The next challenge that I will tackle in the Cambridge Open Data inventory is the ‘Assessing Building Information FY2015’ dataset, which has this problem statement:
‘How can we use this data to improve housing availability and affordability in Cambridge?’
This is arguably the biggest topic of discussion among residents of Cambridge, and legislators are continuing to search for solutions to the alarming rise in housing prices. The Cambridge City Council election was a few months ago, and when I went to a public candidate’s forum, affordable housing was an emphasis for every candidate. There are obvious reasons for the increase in prices (more tech and biotech companies coming to Cambridge/Boston, bringing higher wages and increasing demand), but data can still be used to develop novel and specific solutions, as well as highlight areas for opportunity.
As of the writing of this article, the dataset contains 25,612 entries, with 25 columns. With this many columns/variables, I decided to start with an exploratory analysis so that I could get a better understanding of the dataset and the meaning of the values.
Luckily, the Cambridge Open Data Portal has a document that has short descriptions for some of the columns, so this can serve as our data dictionary. For the sake of our research questions, I’ll pick certain categories that could be used as features for a potential model:
Actual Year Built
We would have to take into account different types of residences, so we can use the ‘Building Type’ variable for that grouping.
There are also various geographic variables that can be used for mapping.
Going back to the problem statement, if we want to address issues of housing availability and affordability, then we need to develop research questions of our own, and then manipulate the data to answer those questions. Some questions I have right now are:
a) Where is housing availability a concern?
b) Where is housing affordability a concern?
c) What is the trend of housing construction, and how is this trend going to impact residents of Cambridge?
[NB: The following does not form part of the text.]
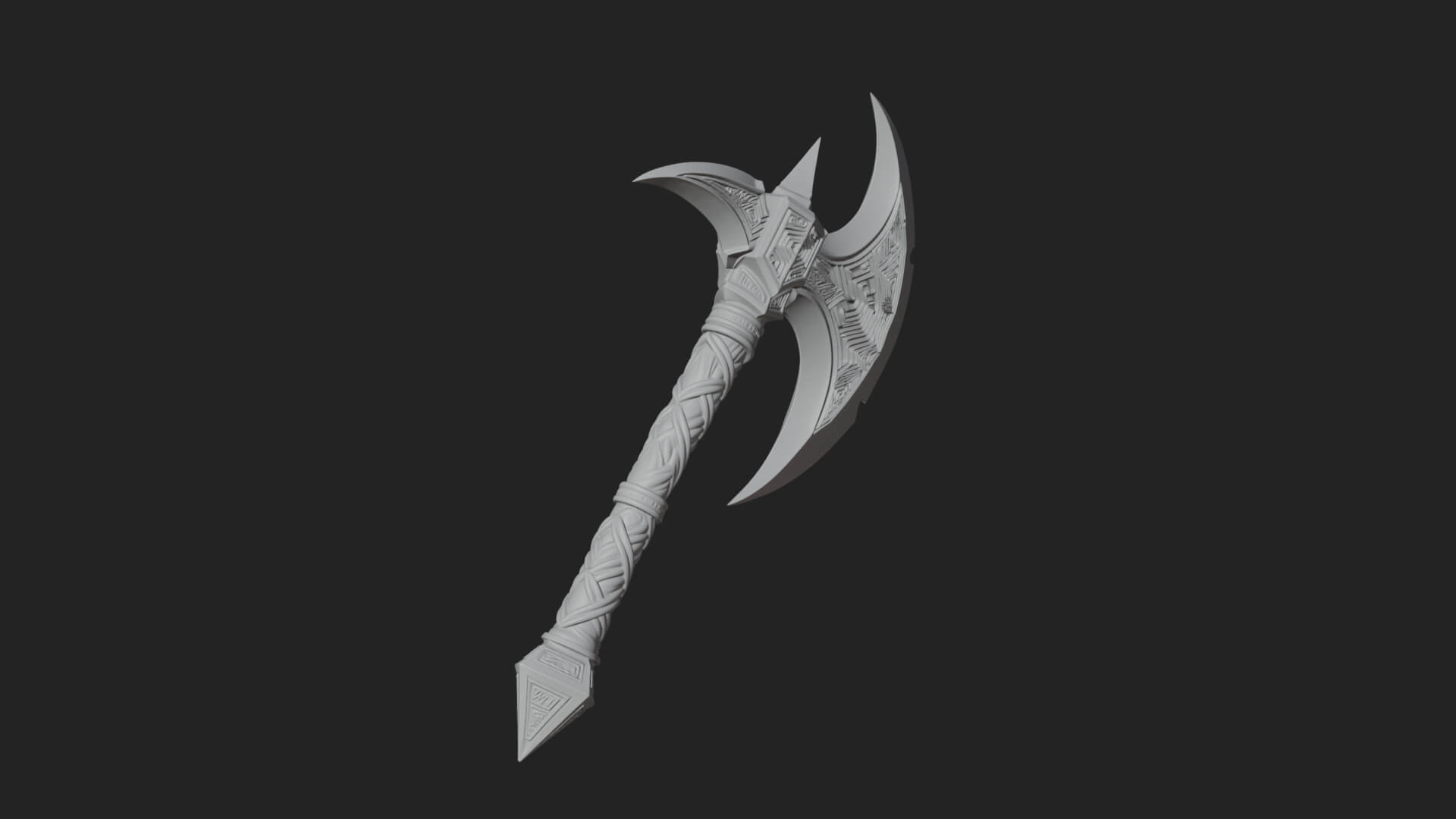 Twin Blade War Axe Model Design 13 3D Print Model 3D Model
d) How can we tie relationships between housing types/costs and the residents in the area?
I will start with attempting to explore these questions, and then I can build off of what I find.
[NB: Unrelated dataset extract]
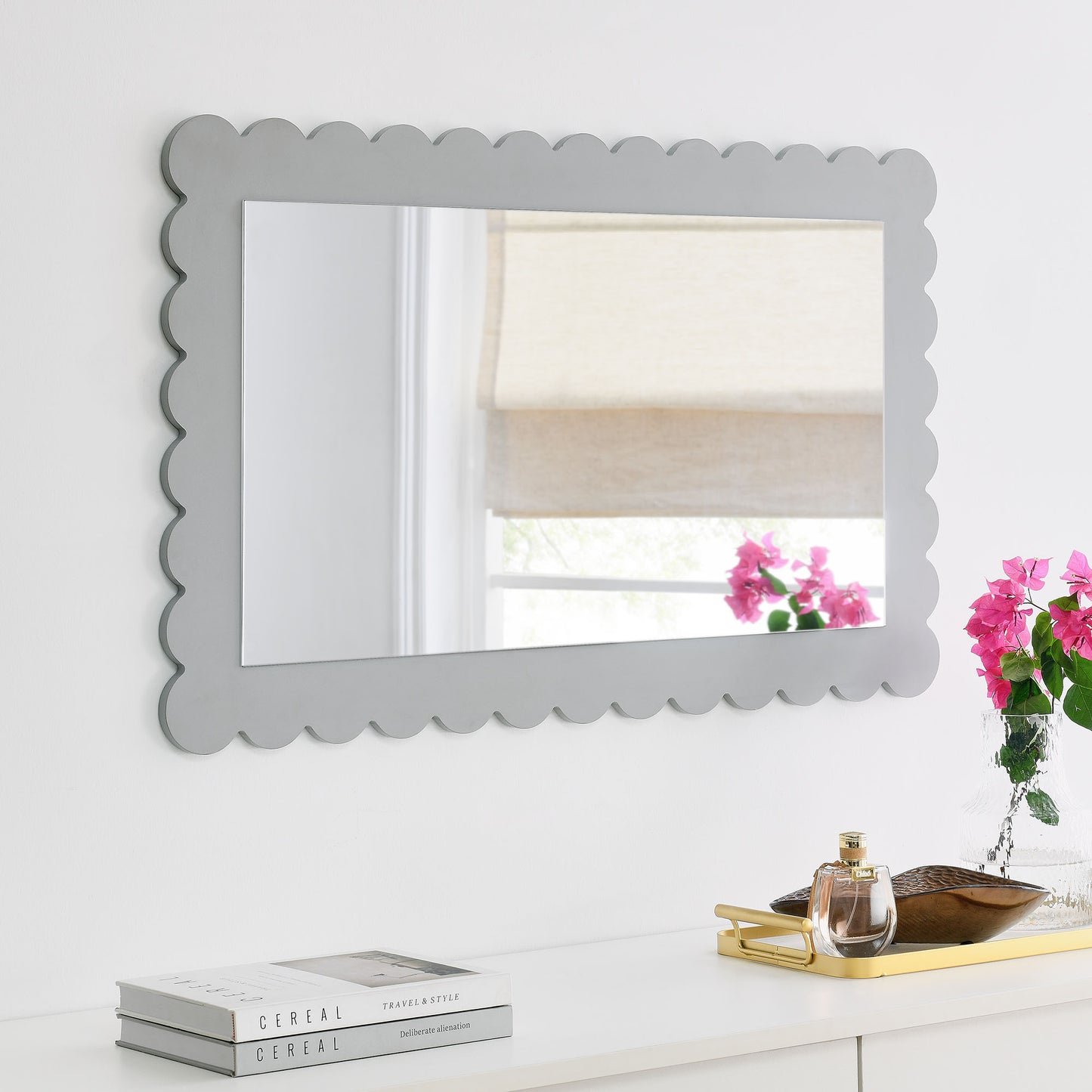 Emmeline Scalloped 5-Drawer Chest, 6-Drawer Dresser, and Rectangle Wall Mirror by Modway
Where is housing availability a concern?
The first two questions deal with geography, so I used Tableau to first map out the housing data on a map of Cambridge and visualize the housing density:
Tableau offers some nice map layers that you can use to add context to your dashboards. I used three different ones (Population Growth % 2018-2023, Household Growth % 2018-2023, Housing Unit Growth % 2018-2023) to project where housing availability might be a concern in the future. The lowest granularity that Tableau offers is Block Group, so that’s the best that we can do for now.